The US dollar has gained strength over the last few months. And the euro fell below parity with it in July. And the pound… well, let’s not get started.
For international organizations with dollar-denominated debts, conditions have become more expensive over the course of this year. Conversely, for US consumers, a stronger dollar will lead to lower prices on imported goods.
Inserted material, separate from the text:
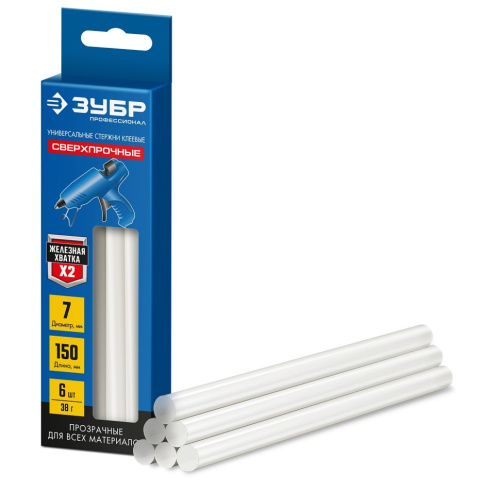 Клеевые стержни прозрачные сверхпрочные ЗУБР Профессионал, d 7 х 150 мм (7-8 мм) 6 шт, 38 г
And for US organizations with an eye on overseas expansion, their stronger currency has put them in a rather enviable position for M&A.
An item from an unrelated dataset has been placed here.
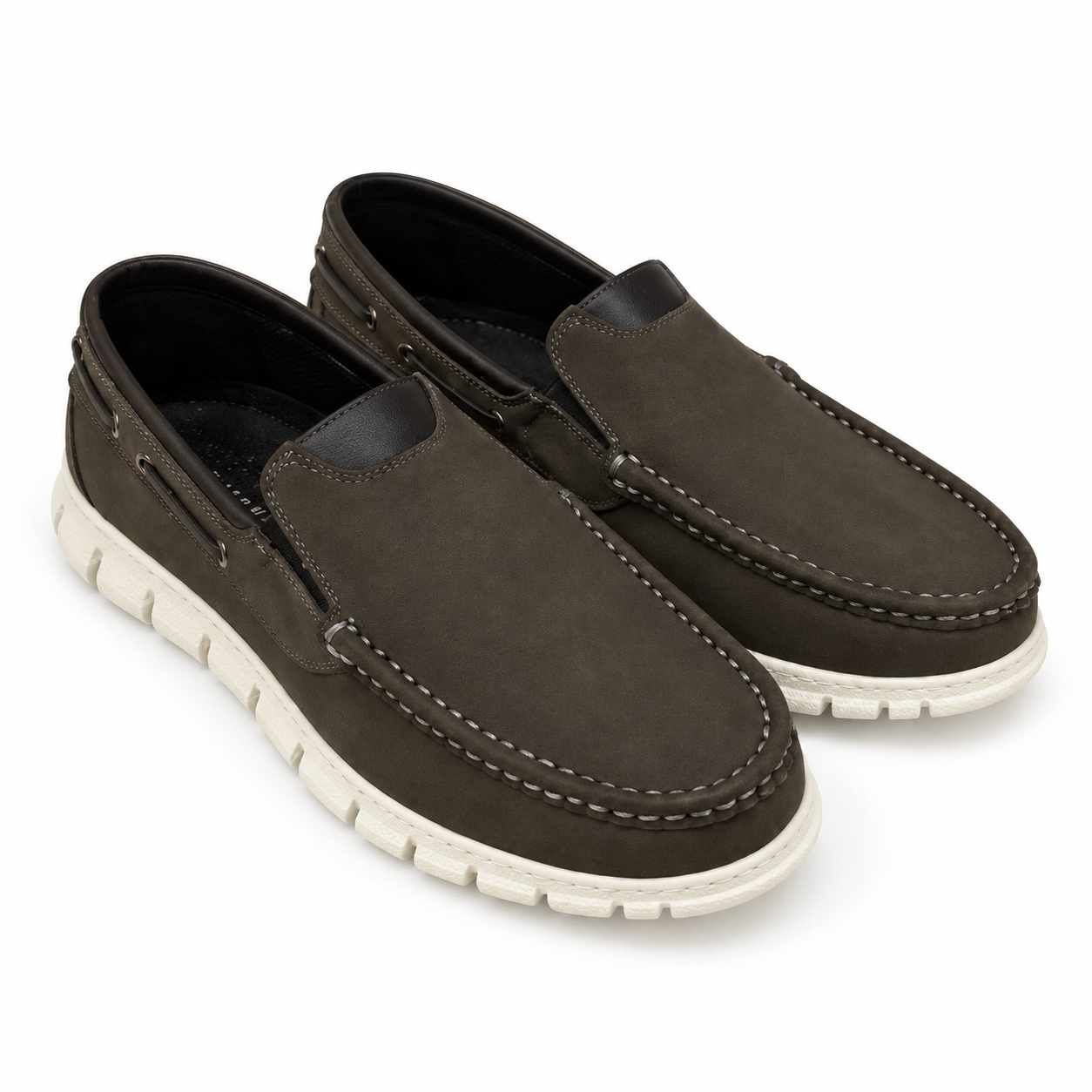 Mocasini bărbătești gri Frankfurt din piele naturală Mocasini bărbătești gri Frankfurt din piele naturală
Favorable position for M&A
Thanks to this increase in purchasing power, cross-border M&A into Europe involving US bidders could swell.
Even in the context of broader macroeconomic disquiet and a less lively M&A market than 2021, now may be the time for US acquirers to go bargain-hunting in Europe.
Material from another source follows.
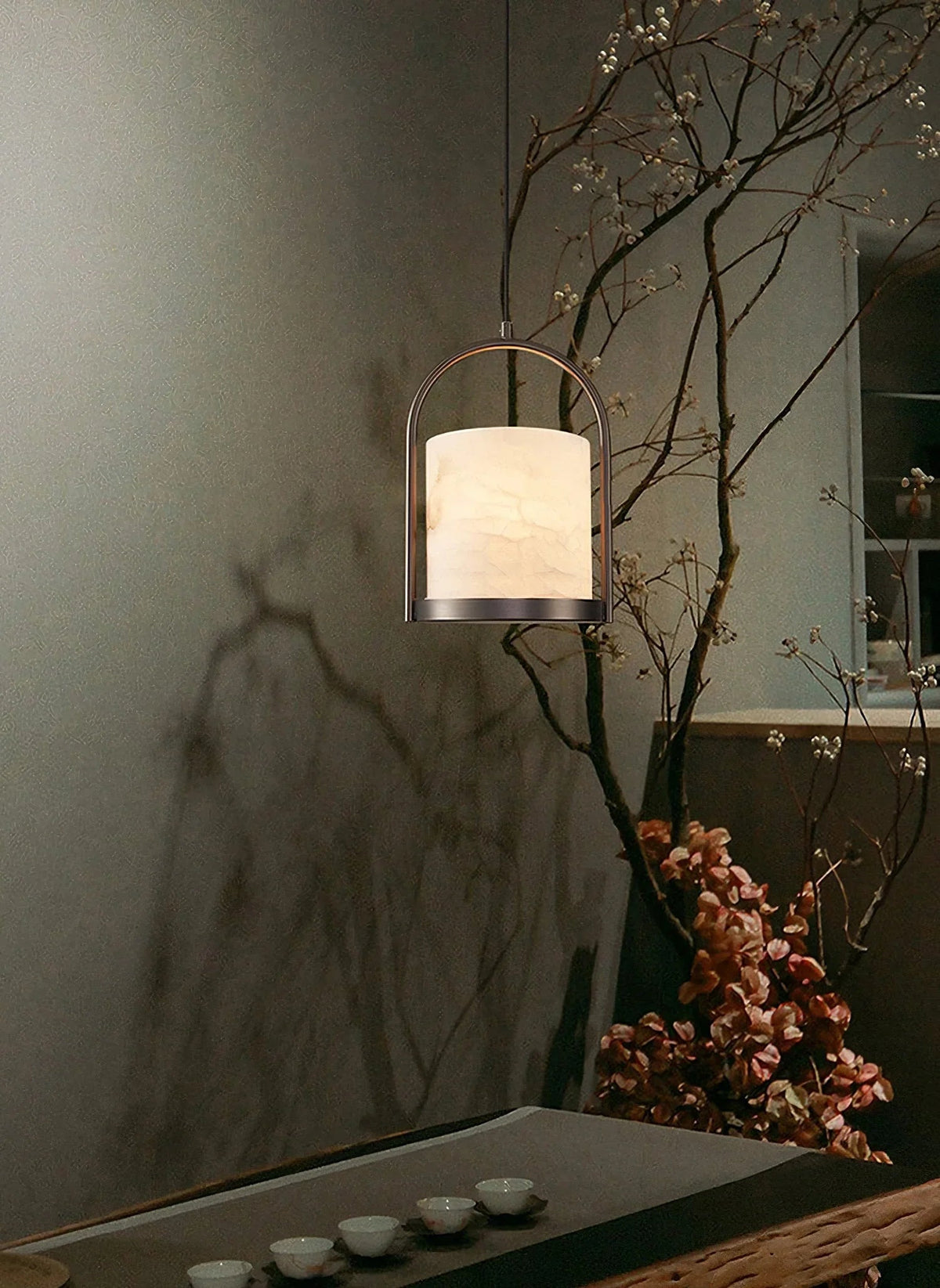 Alabaster Cylinder Pendant Light – Alabaster detail 9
Even the highest-quality targets in Europe and the UK often carry less heady valuations than their US equivalents, and the strong dollar should make these opportunities even more appetizing.
Forecast is bright
These currency swings won’t translate into swollen cross-border deal volumes immediately, and there are other considerations that executives must factor into their cross-border dealmaking equations, like the war in Ukraine and political volatility in the UK. But the forecast is rather bright.
Through the first six months of this year, 612 companies in Western Europe were targeted by US bidders, not very far behind the 658 such deals announced in H1 of 2021. The last couple of months of 2022 and the start of next year could see US bidders leave a similarly sizable dent in European deal markets.